新潟のBSデジタルラジオ聴取者からの意見(要約)

 BSデジタルで既存のラジオを流すのは電波の無駄づかいというが、はたしてそうだろうか? BSデジタルラジオ、中でも文化放送のディレイ放送(BSQR)は、私にとっては大変に嬉しいもの。地上の文化放送は、区域外の新潟ではかなり減衰しフェージングが激しいうえ、韓国KBSが同周波数1134KHzで出力5倍(QR:100KW、KBS:500KW)の放送をしており、聞きたくてもほとんど聞けない状態。番組を通じて知り合ったリスナーの友人にも、AMラジオのディレイ放送を喜んでいる人が非常に多い。

 BSデジタルは全国放送であり、ラジオもテレビでも地方在住の人間が真っ先に期待したものの一つが関東ローカル番組のディレイ放送だ。地上波番組のディレイ放送を聞くためにBSデジタルチューナーを購入した人は、地方には確実に存在する。それなのに「電波の無駄」と言い切るのは、地方のリスナーや視聴者を無視することにならないか。

 関東キー局全国放送のテレビ番組で台風報道を流したとき、台風が東北に抜けた時点でアナウンサーが「台風が去りました」と報じたら、北海道の人が「これから来るんだよ!」とクレームをつけたことがある。とかく関東の人間は、関東のことしか眼中にない発言をする傾向があるようだ。

 BSQRのラジオ番組でも全国区放送であることを忘れ、関東ローカルの話題(ディスカウントショップ「ドンキホーテ」の話)で最初から最後まで盛り上がり、地方リスナーが置き去りにされ、「なにをやっていたのかわからない」というハガキが大量に届いたことがあった(終了したが「Haruna eyed view」という番組)。地方のニーズをちゃんと考えてほしいものである。BSQRオリジナルコンテンツは減少の一方、ディレイ放送や音楽を流すだけの番組が増えていることにも、AMラジオリスナーとして危惧の念を抱いている。

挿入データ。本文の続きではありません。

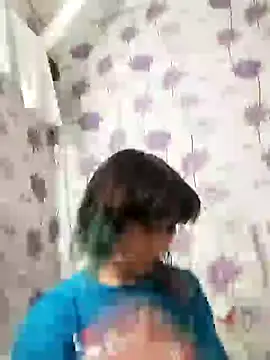 Snapshot of SweetLeila40 chatting on February 15, 9:26 pm SweetLeila40 online show from February 15, 9:26 pm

注)以上は坂本による要約です。メールでは住所氏名を名乗っておられますが、ここでは公開しません。この方への返信をもとに、一般向けに書き直したのが以下の見解です。

以上の意見に対する坂本衛の見解

 「全国波のBSデジタル放送に、関東ローカル番組が流れることを期待する地方の人がいる。そのニーズに応える放送を『電波の無駄づかい』と言い切るのはいかがなものか」との趣旨はよくわかる。しかし、そのニーズに応えるために、わざわざハイビジョン規格のBSデジタル放送をやるのであれば、まさに「電波の無駄づかい」だ。新しい機器を買わずにすむアナログの電波でやればよいからである。

 BSデジタル放送は、そのような地方のニーズなど考えていない東京キー局が、ただ衛星波を自分の系列で占有したいという理由から始めたこと。そこにオマケのようにデジタルラジオがつくことになった。しかし、流すソフトがないから、穴埋めのため、何も考えずに「ありもの」や「手抜き番組」を流す。広告も取れないから制作費を削り、音楽だけを流してお茶をにごす。――そんな放送局のやり方は(始める前から)おかしいと、私は批判している。何も考えず「ありもの」を流した結果、地方に「それこそ待ち望んでいたソフトだ」と受け止める人が当然いるわけだが、だからといって、放送局が何も考えずにやっていることがよいことだという話にはならない。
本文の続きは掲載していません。